## TO DO
The answer must reproduce all of the data below exactly and contain no images.

## INPUT DATA

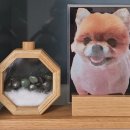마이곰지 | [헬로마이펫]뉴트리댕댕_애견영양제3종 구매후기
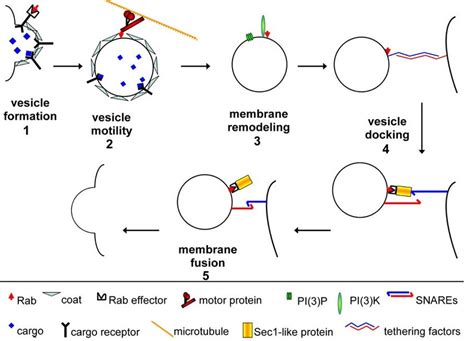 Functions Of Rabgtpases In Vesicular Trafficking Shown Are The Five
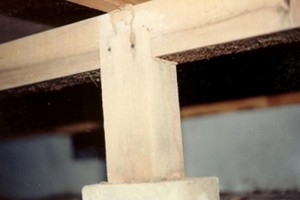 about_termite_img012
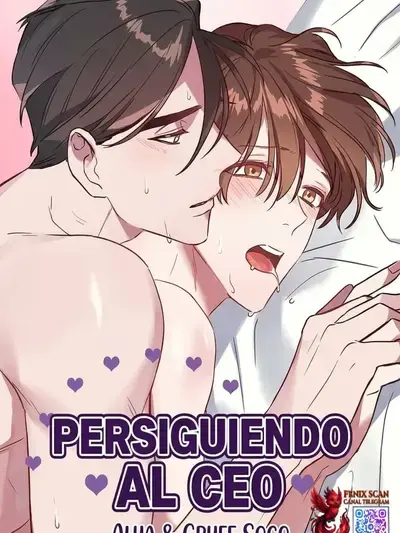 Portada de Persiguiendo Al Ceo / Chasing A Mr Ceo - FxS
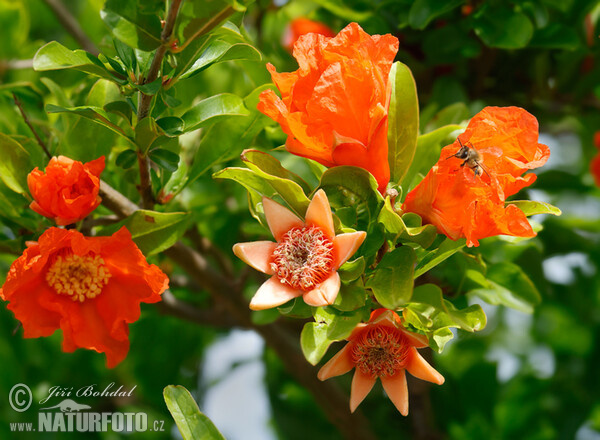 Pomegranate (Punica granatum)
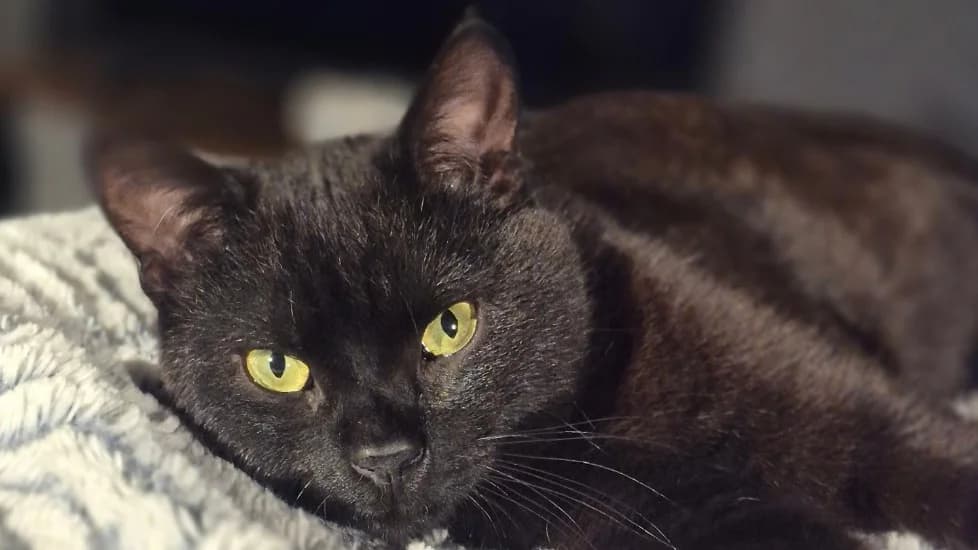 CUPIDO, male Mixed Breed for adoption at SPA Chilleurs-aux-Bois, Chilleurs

## WRITTEN ANSWER
마이곰지 | [헬로마이펫]뉴트리댕댕_애견영양제3종 구매후기
 Functions Of Rabgtpases In Vesicular Trafficking Shown Are The Five
 about_termite_img012
 Portada de Persiguiendo Al Ceo / Chasing A Mr Ceo - FxS
 Pomegranate (Punica granatum)
 CUPIDO, male Mixed Breed for adoption at SPA Chilleurs-aux-Bois, Chilleurs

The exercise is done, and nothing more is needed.